Japan's high-definition TV system gets reprieve


TOKYO -- It was a display of confusion and cross-purposes totally unlike the Japan the world once thought it knew.

Tuesday, a senior official said Japan would cease support for HHTC Japanese standard for super-high-quality televisions because the technology had not kept up with world trends.

Yesterday, the official recanted, and presidents of Japan's top electronics firms launched a counterattack to assure consumers that the technology was alive and well.

The flap over high-definition television, or HDTV, underscores the high risks of government planning where the pace of technological change is swift. Although Japanese corporations spent an estimated $3 billion on the system, called Hi-Vision, most analysts believe the next generation of television sets will eventually use a fully digital standard easily compatible with computers. Such a standard is now being developed by a "grand alliance" of U.S. companies led by Zenith.

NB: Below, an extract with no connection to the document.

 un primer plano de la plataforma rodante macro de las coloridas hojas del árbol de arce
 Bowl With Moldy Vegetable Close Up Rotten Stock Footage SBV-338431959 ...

Akimasa Egawa, a top Ministry of Post and Telecommunications official, shocked Japan on Tuesday when he announced at a news conference that Japan would abandon the Hi-Vision standard to put the nation in line with the trend toward digital television in the rest of the world.

A furious reaction from industry and Japan's powerful semi-governmental television station, NHK, forced Mr. Egawa to retract his statement.

Experimental HDTV broadcasts will be expanded into full-time regular broadcasting, as previously planned, once a new satellite goes in service in 1997, Mr. Egawa said.

After Mr. Egawa spoke, the presidents of Sony, Matsushita Electric and NEC Corp., three of Japan's leading electronics manufacturers, held their own joint news conference to assure the public that the Hi-Vision standard would continue to expand in use into the next century.

"I fear that recent reports have given the impression that the digital system will take over, when that is not true," said a visibly emotional Tadahiro Sekimoto, president of NEC Corp. "I just hope that the media do not put off consumers from buying."